Os percevejos de Mértola - e um quadro a missanga, principal ornamento da sua estalagem , representando um cãozinho de água levando na boca um cesto de cerejas, ilustrado  pela seguinte  legenda:

De meu tio o senhor José,
Certamente sou sobrinha,
Eu, Maria, e peço que
Sim me aceite esta avezinha.

-, o calor que dos xistos marginais do Guadiana se reflectia por catódicas labaredas no vaporzinho, convertendo-o em frigideira dos passageiros, e as sufocantes nuvens de ardente poeira da estrada algarvia são as mais claras recordações que me ficaram de tão calamitosa jornada.
Cheguei a Faro de noite [...].»

3 comentários:

CAROLVS II, HISPANIARVM ET INDIARVM REX disse...

Hola, acabo de iniciar a seguir su blog que me parece realmente interesante. Lo siento por no poder escribir en portugués.

Espero que puedas disfrutar también del mio dedicado al reinado de Carlos II de España y en el que actualmente me encuentro tratando de la Guerra de Restauraçao Portuguesa.

Saludos.

Ivana Matos Pinheiro Tavares disse...

Nossa!! Adorei o novo visual do blog . Tá demais!!!!

Edgar disse...

Caro Rui Prudêncio,

Essas palavras de Manuel Teixeira Gomes fazem-me recordar uma viagem que o pintor Henrique Pousão fez em 1884, entre Olhão e Vila Viçosa.

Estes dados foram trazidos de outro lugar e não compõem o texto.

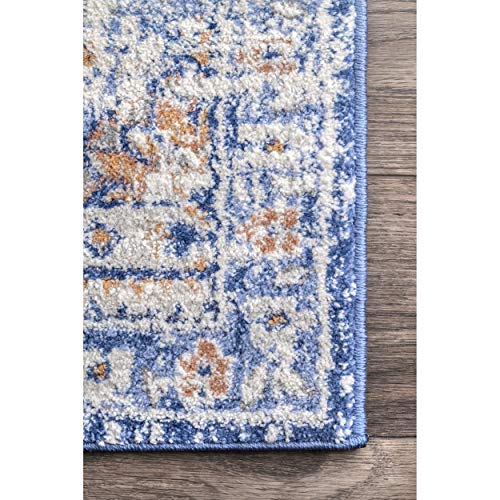 nuLOOM Leola Tabitha Medallion Vintage Area Rug, 6' 7" x 9', Beige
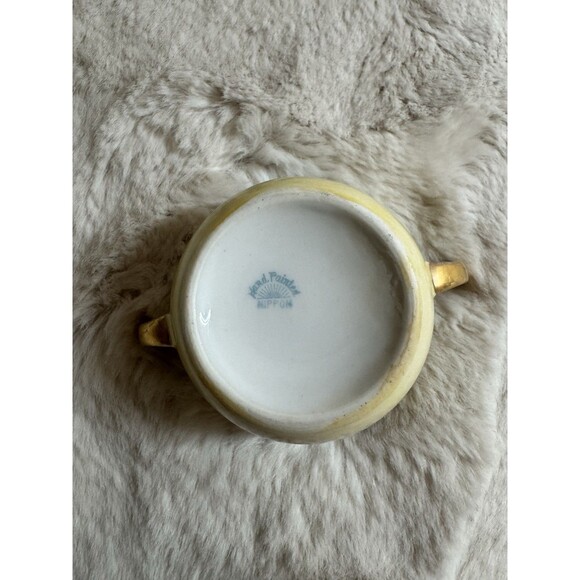 Nippon Sugar Bowl Japan Vintage Antique Yellow Blue Floral No Lid Hand Painted - Picture 4 of 5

Qualquer um que se aventurasse a fazer semelhante viagem tinha que ir de Olhão a Vila Real de Santo António em diligência, apanhar aí o barco até Mértola, daí partir em diligência para Beja, onde se apanhava o comboio para a Casa Branca, para aí trocar de linha em direcção a Évora, para aí se apear e tomar uma nova diligência que o fizesse chegar, finalmente, a Vila Viçosa!
Com um percurso deste tipo (que levava uns dois dias, salvo erro), não é para admirar que o homem, que já estava enfermo (com tuberculose), morresse poucos dias depois de chegar a Vila Viçosa...

Se tiver interesse pode consultar mais pormenores desta viagem na seguinte obra (não lhe posso adiantar as páginas pois não possuo o livro comigo):

- Francisco Fernandes Lopes (org.), "Cartas de Henrique Pousão (e excertos de outras cartas e escritos que se lhe referem)", Lisboa, Portugália Ed., 1959.